INSTRUCTIONS TO FOLLOW — Nothing but the lines from the one holding "maison à vendre" through the last line of the material below should be set down, exactly and without images.

[RECORDS PROVIDED Boundary: Start]

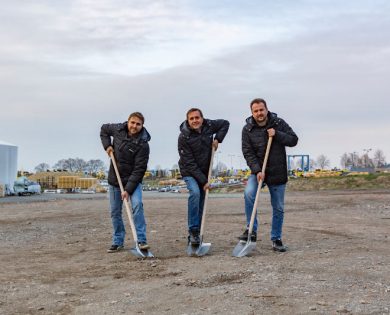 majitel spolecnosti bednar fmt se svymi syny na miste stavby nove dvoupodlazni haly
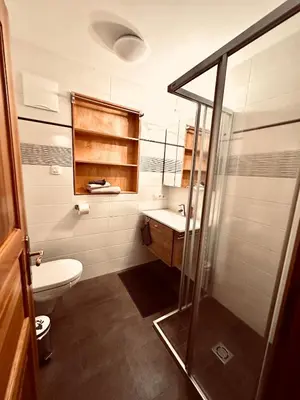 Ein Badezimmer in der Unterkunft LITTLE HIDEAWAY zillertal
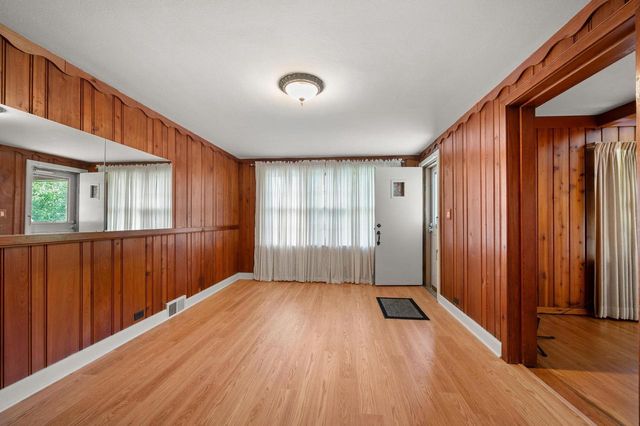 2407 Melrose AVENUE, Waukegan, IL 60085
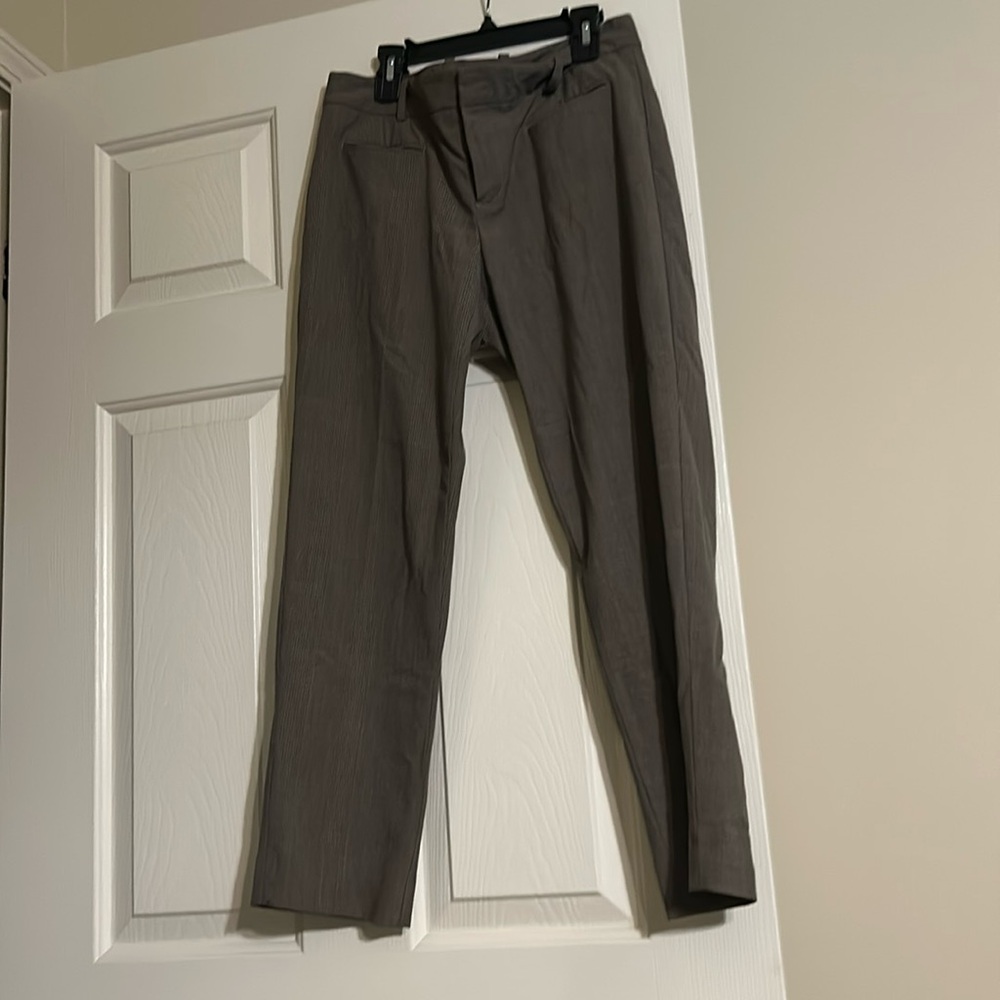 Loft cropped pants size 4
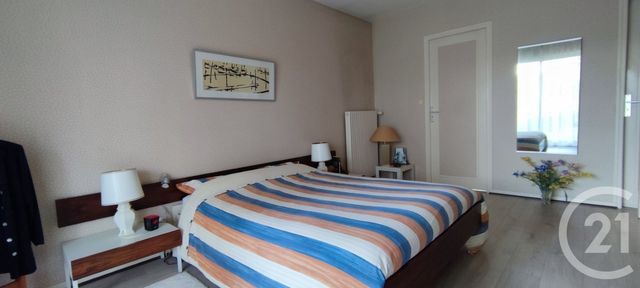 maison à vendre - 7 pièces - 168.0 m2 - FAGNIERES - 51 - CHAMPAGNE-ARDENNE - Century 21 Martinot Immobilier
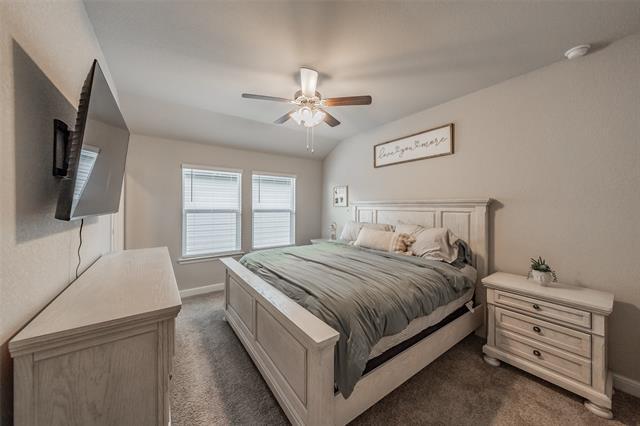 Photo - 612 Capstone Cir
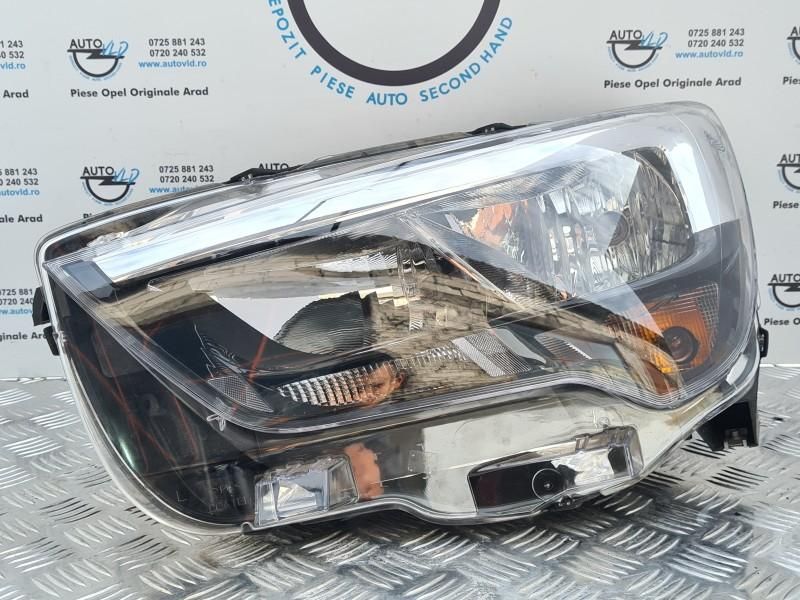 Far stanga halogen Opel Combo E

[RECORDS PROVIDED Boundary: End]

SOLUTION FOR THIS EXERCISE —
 maison à vendre - 7 pièces - 168.0 m2 - FAGNIERES - 51 - CHAMPAGNE-ARDENNE - Century 21 Martinot Immobilier
 Photo - 612 Capstone Cir
 Far stanga halogen Opel Combo E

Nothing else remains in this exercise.